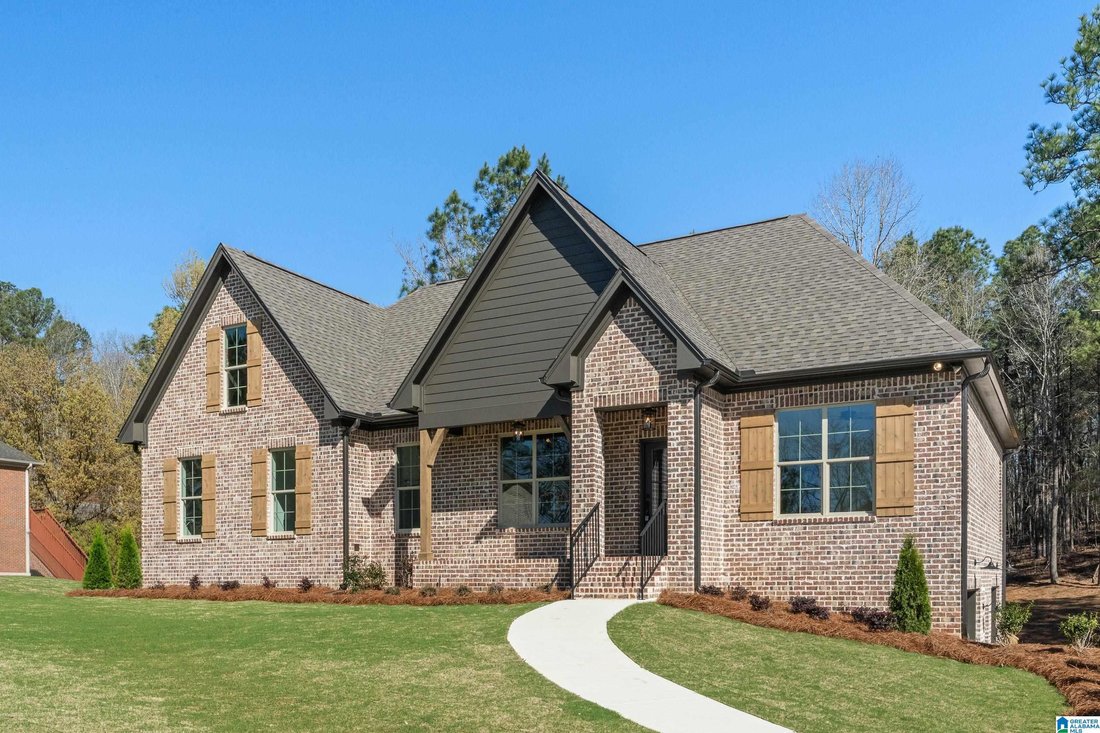 House in Chelsea, Alabama, United States 5 - 18401620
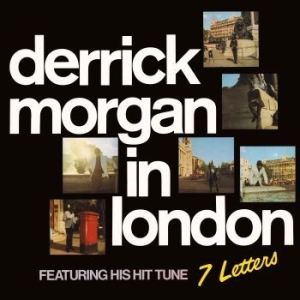 Morgan Derrick - In London (Vinyl) ryhmässä VINYYLI @ Bengans Skivbutik AB (3337647)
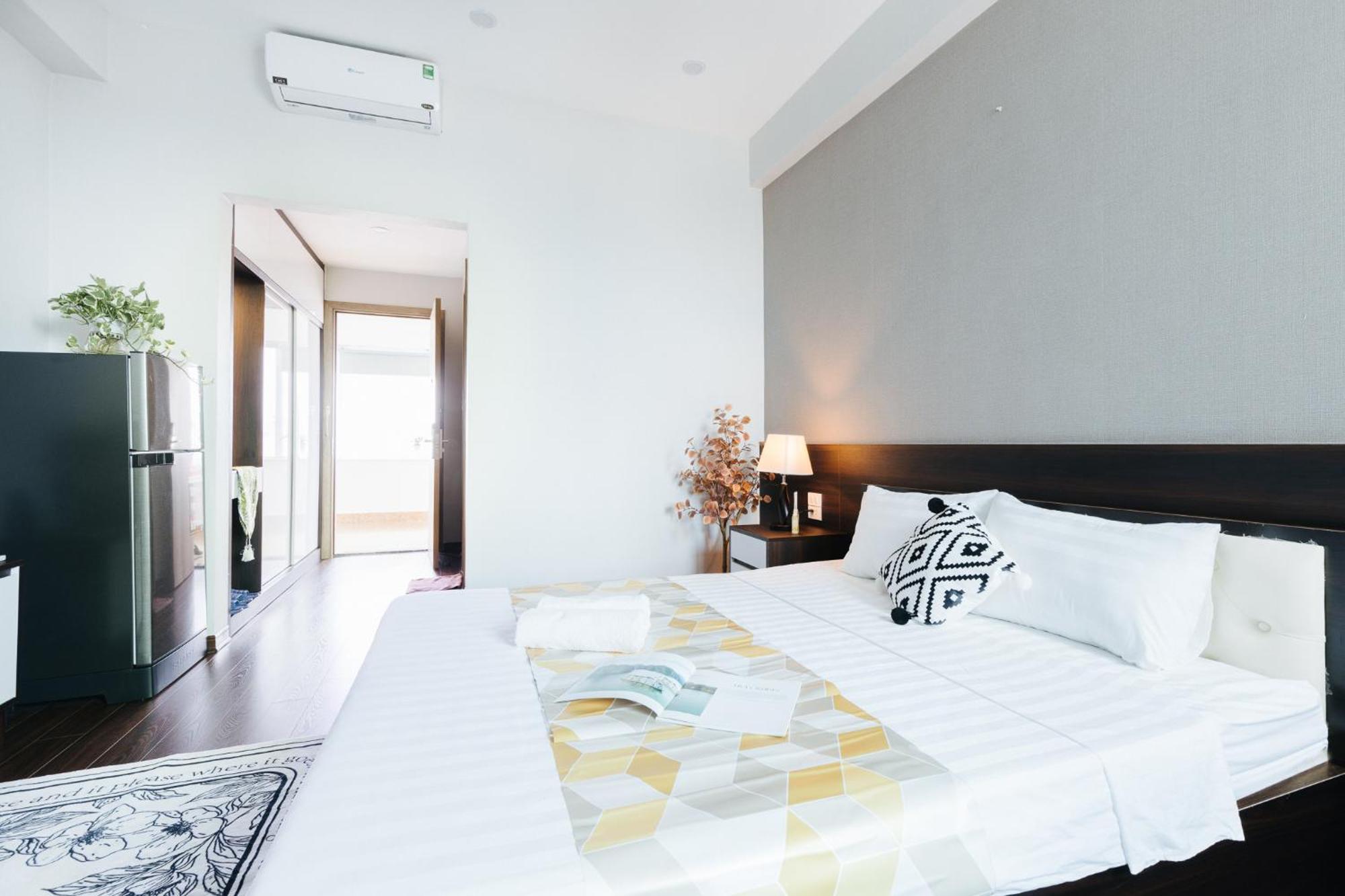 Ivy Hotel & Apartment - Stay 24H Hanoi Exterior photo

▶ **Problem description**:
Print all of the material exactly. Omit pictures.

▶ **Exercise output**:
 House in Chelsea, Alabama, United States 5 - 18401620
 Morgan Derrick - In London (Vinyl) ryhmässä VINYYLI @ Bengans Skivbutik AB (3337647)
 Ivy Hotel & Apartment - Stay 24H Hanoi Exterior photo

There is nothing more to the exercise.